運動選手、芸術家、起業家などさまざまな分野で2世がいます。すぐれた親と同じ世界に足を踏み入れ、親から受け継いだ「素質」をのばして、名選手や名人になったと評価されます。
しかし自分のこれまで見聞きしてきた経験からして、「素質」というのは、かなりの部分が幻想にちかいと思います。その分野で優れた成績をあげるべく、意識を一生懸命その分野に向けつづけることが大事なのであって、「素質」の大小は実は、二の次なのではないでしょうか。
人間の意識というのは、なにかに向けつづけると、その対象物に力をあたえ、その成長をうながします。うまくいえませんが、「ヘラクレスとピンクの玉(人によって細部に相違のある故事かもしれませんが)」のようなものです。実生活でも悩みごとを気にし始めると、どんどん大きくなっていきますね。あれと同じです。人間の意識というのは、すごい力を持っています。
ですからむしろ、「素質」とは「一心不乱な意識状態」の別名だと、思います。親が世間に認められた偉大な選手、不世出の大師匠だから、オレもアタシも優れた「素質」をもっているはずと、たとえば本人が思いこむ。リクツ抜きで信じ込む、その心のありよう自体が潜在能力を引きだして優秀な人材に化けるのであって、「素質」という万能薬が原因しているように受けとるのは、人間の錯覚にすぎない。
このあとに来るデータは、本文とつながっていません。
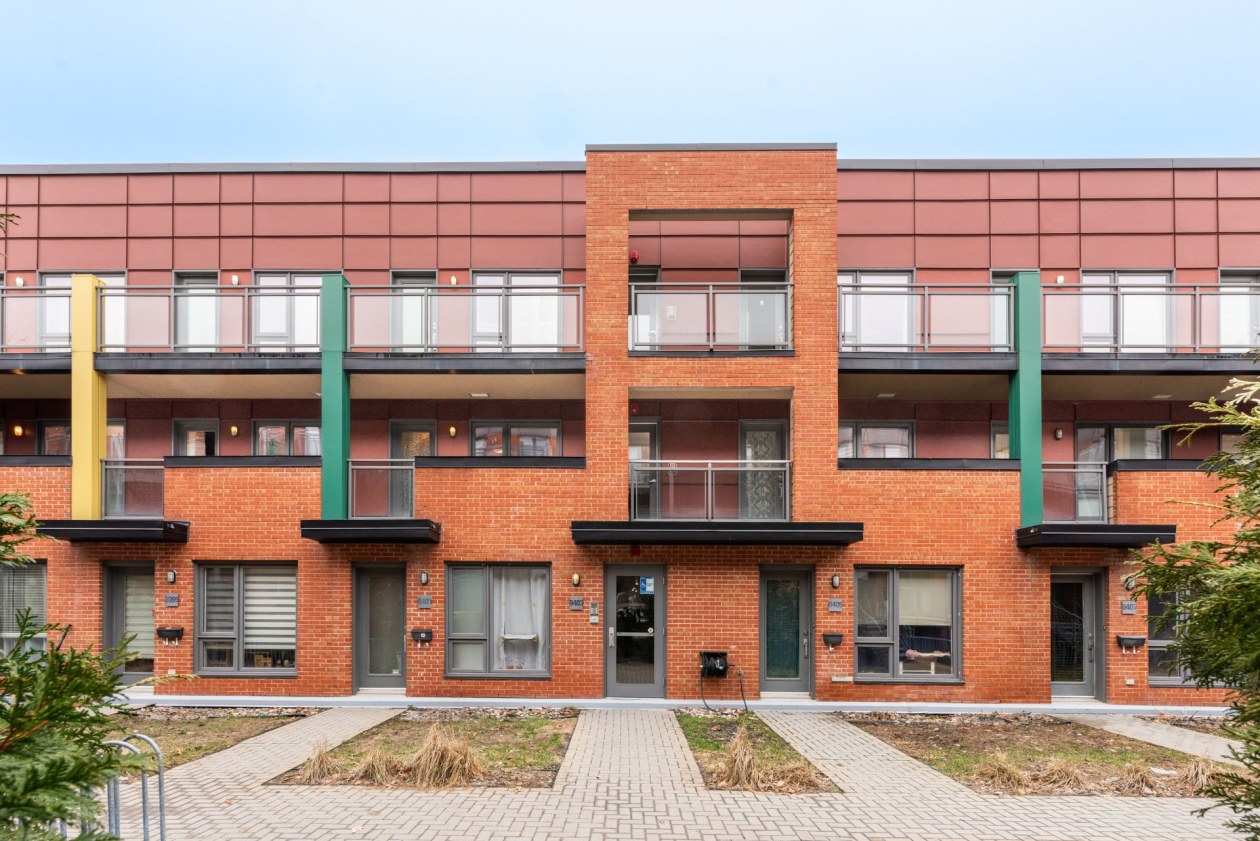 Façade — 9403, Rue Hochelaga, 207, Montréal (Mercier/Hochelaga-Maisonneuve), H1L2P7, Montréal (Mercier/Hochelaga-Maisonneuve)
そう考えます。
その世間的な意味での「素質」が全く起因しないわけではないでしょうが、実は効果は比較的小さいと思います。人間のいまいった「意識」の力に比べれば。「素質」というものが本当にあるとしたら、「思いこむ」ということに没頭できる能力でしょう。
これは別項に書いた、プロ野球の野村克也監督(故人)の「ピッチャーのクセがどんどん出てきた」話につうじる話です。人間の意識の力って、計り知れないですね。
というより、宇宙の計り知れない力が、そのミニチュア版である人間の意識の持ちようによって、そこに噴出する、という解釈が自然なのかもしれません。
やはり人間は、150億年かけて創られた「宇宙の自己認識器官」なんですね。
神さま、仏さま、今日の気づきを、ありがとうございます。